10/9/2009 8:58:52 AM By
E.J. Reedy
Although there is little doubt that households have undergone incredible changes to their spending, investment, and other activities as a result of the current recession, data on this topic are not readily available. A new
HNW/Forbes Wealth Pulse survey gives insights into a hard-to-reach population but one of great interest - high-net worth individuals. It finds respondents who expect a recovery soon and see opportunity in the current economy to grow investments. Interestingly, it finds many millionaires are cutting back on charitable giving (28 percent) but even more (51 percent) plan to give as much or more to charity.
The
Survey of Consumer Finance (SCF), the Federal Reserve's seminal research product in this area, is only available through 2007 (and for every three-year period before that for several cycles).
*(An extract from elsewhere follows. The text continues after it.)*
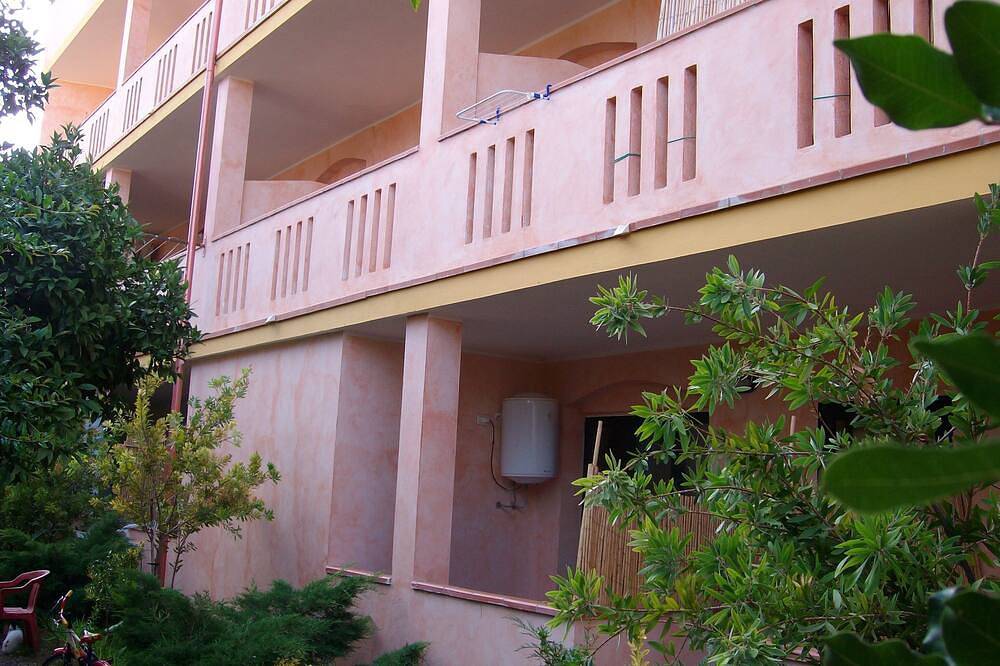 Sa Domu Sarda - Apartamento con vistas al jardín in Piscinas (Italia), Provincia de Carbonia-Iglesias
But, there is hope that in mid-2010 the Fed will have some information available on consumer finance in 2009. What the Fed has done, to the best of my current understanding, is to refield the SCF in 2009 on the same sample that it used in 2007. As such, they will be creating a short longitudinal panel of households which should allow for in-depth analysis of the effects of the current recession. This was a brilliant methodological move in my estimation but one that really should be a part of the ongoing design of the program. The next wave of the SCF will collect data on a new sample in 2010, and I believe in that wave forward, they plan to implement an intentional longitudinal design. This should prove very useful to researchers and policymakers in this area as we can actually examine the factors which appear to drive change at the microlevel. Incidentally, the SCF has an oversample of wealthy households (who are disproportionately households which own businesses) so some of what HNW/Forbes attempted to capture here will be possible to analyze in a more robust sample through the SCF.